Art Stage Jakarta also conducted a series of talks over two days. Conversations included a dialogue session discussing artist-collector relationships helmed by Deddy Kusuma and Chinese artist Yue Minjun, government strategies and policies in supporting the development of contemporary art by Hilmar Farid, (general director for Cultural Affairs, Ministry of Education and Culture, Indonesia) Triawan Munaf, (chief of BEKRAF) Felipe de Leon Jr. (chairman of the National Commission for Culture and the Arts) and Ricky Francisco (curator of Lopez Museum and Fundacion Sanso Museum) and the roles of art competitions and awards presided by Andonowati, (director of Lawangwangi, on Bandung Contemporary Art Award) Desiree Irawati (art division manager, Bank Mandiri on Mandiri Art Award) and Lorenzo Rudolf on Joseph Balestier Award for Freedom of Art.

As we ingest/digest Art Stage Jakarta and set our sights for 2017’s installation, we stream to poet John Keats’ laments in A Thing of Beauty (Endymion):

A thing of beauty is a joy for ever:

Its loveliness increases; it will never

Pass into nothingness; but still will keep

A bower quiet for us, and a sleep

Full of sweet dreams, and health, and quiet breathing.

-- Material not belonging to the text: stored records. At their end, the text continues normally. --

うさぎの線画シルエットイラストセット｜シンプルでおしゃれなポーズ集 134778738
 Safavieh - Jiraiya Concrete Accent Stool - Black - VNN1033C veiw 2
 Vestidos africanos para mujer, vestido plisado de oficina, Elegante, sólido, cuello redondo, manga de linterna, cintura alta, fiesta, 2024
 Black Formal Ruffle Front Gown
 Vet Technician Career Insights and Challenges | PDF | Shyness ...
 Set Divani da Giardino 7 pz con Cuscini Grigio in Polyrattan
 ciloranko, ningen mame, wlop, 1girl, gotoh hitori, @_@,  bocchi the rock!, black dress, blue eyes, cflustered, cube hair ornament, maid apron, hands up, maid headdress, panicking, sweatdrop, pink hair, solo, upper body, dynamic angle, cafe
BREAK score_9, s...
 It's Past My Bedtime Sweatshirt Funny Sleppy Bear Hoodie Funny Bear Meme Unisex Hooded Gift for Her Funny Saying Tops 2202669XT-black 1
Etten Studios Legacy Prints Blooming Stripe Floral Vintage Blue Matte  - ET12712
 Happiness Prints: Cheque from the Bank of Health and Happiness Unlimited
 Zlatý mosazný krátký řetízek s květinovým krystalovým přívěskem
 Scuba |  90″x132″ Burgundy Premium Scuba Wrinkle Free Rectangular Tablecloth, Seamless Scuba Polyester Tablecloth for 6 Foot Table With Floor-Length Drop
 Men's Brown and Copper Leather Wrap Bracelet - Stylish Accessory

Therefore, on every morrow, are we wreathing

A flowery band to bind us to the earth,

Spite of despondence, of the inhuman dearth

Of noble natures, of the gloomy days,

Of all the unhealthy and o’er-darkn’d ways

Made for our searching: yes, inspite of all,

Some shape of beauty moves away the pall

From our dark spirits. Such the sun, the moon,

Trees old and young, sprouting a shady boon

For simple sheep; and such are daffodils

With the green world they live in; and clear rills

That for themselves a cooling covert make

‘Gainst the hot season; the mid-forest brake,

Rich with a sprinkling of fair musk-rose blooms:

And such too is the grandeur of the dooms

We have imagined for the mightydead;

An endless fountain of immortal drink,

Pouring unto us from the heaven’s brink.